Even as the reclusive Asian nation steps up its military provocations, millions of its people still struggle to get enough to eat.
But those like Jo who can find their way out of the country often find themselves sent back, once they are discovered by authorities in neighbouring countries.
Such was Jo’s fate the first time she fled North Korea, when she was about seven years old.
“We walked three nights and four days,” she recalls.
“We walked on unpaved roads, and we crossed many mountains until we reached the Tumen River” which separates North Korea from China.
Only her mother and her sister Jinhye, who was 10 at the time, made the trip with her.
A few months earlier, her father had been arrested and beaten by authorities for crossing the border to buy a bag of rice, and he died on the train taking him to prison.
Her grandmother and two younger brothers died of hunger, and her eldest sister had gone off to search for food and never returned.
“In a short time, almost all my family members died or disappeared,” Jo told AFP this week on the sidelines of the Oslo Freedom Forum, an annual gathering of human rights activists held in the Norwegian capital.
At the time — the second half of the 1990s — North Korea was experiencing a famine that left hundreds of thousands dead.
Living in the northeastern North Hamgyong province, Jo’s family had been trying to survive on wild fruit, crickets and tree bark.
Once, she said, she and her little brother would have nothing to eat for 10 days.
“One day, my grandmother found six newborn mice under some stones,” she recalled.
“With my mother, they boiled these six small mice in a stone pot.”
She was five-and-a-half years old, she said, adding that her jet black hair had turned yellow from malnutrition.
But crossing the border did not put an end to their problems.
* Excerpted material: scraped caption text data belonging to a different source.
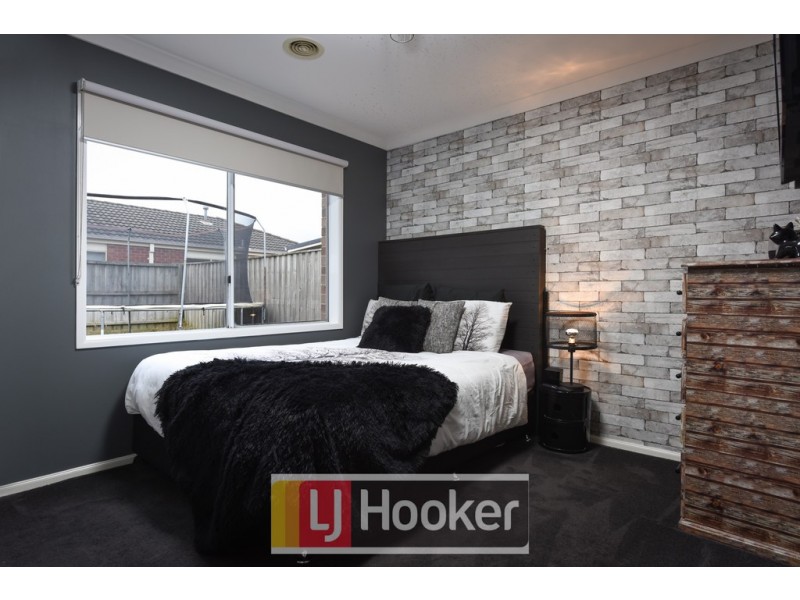 2 Fleet Street, Narre Warren South VIC 3805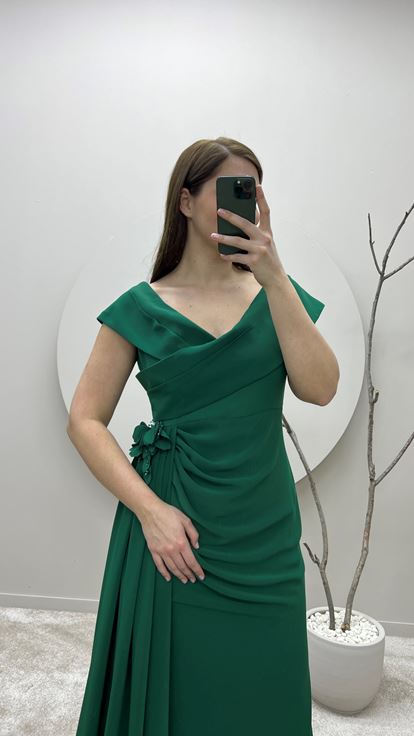 Zümrüt Yeşili Kruvaze Yaka Bel Detay Tasarım Büyük Beden Abiye Elbise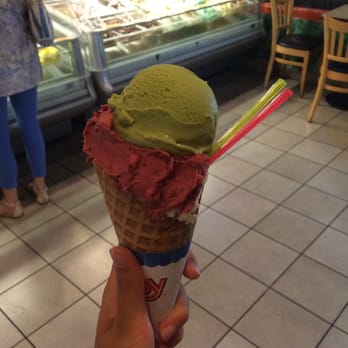 Hello Gelato - Green tea Matcha, Mixed Berry and hidden Pineapple under the Mixed Berry! - Gelato Near Me - Pasadena, California Hello Gelato - Green tea Matcha, Mixed Berry and hidden Pineapple under the Mixed Berry! - Gelato Near Me - Pasadena, California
In China, Pyongyang’s main ally, her family’s three survivors were forced to go underground for fear of being sent back to North Korea.
Eventually, they were caught and jailed, and sent back home.
They managed to flee once again after Jo’s mother bribed a border guard, but once again they were caught and returned.
In 2006 she made her third — and final — escape, this time thanks to an American-Korean pastor who paid members of the Bowibu, North Korea’s omnipotent secret police, $10,000 to secure the three women’s freedom.
After receiving UN refugee status, they moved to the United States in 2008, and Jo has since acquired American citizenship — an unlikely turn of events for someone who was taught that “Americans are the biggest enemy” and “we should kill them or report to the officials if we see them.”
Today, Jo is vice president of NKinUSA, an organisation founded by her sister to help other defectors.
“We want President Trump to accept more North Korean refugees in the US and allow us to provide resettlement services,” she said.
“Also, President Trump, please tell China, Vietnam and Laos to stop repatriating the refugees. Sending them back to North Korea is returning them to torture, imprisonment or even death,” she added.
Since the end of the Korean War in 1953, more than 30,000 North Koreans have fled their country, most of them after the 1990s famine. Almost 10.5 million people, or 41 percent of the population, remain undernourished, according to the UN.
Jo says that while the country’s pursuit of nuclear weapons is certainly a potential problem, the millions of people scrabbling to eat enough, “and millions more living with no liberty of any kind, is an actual problem.”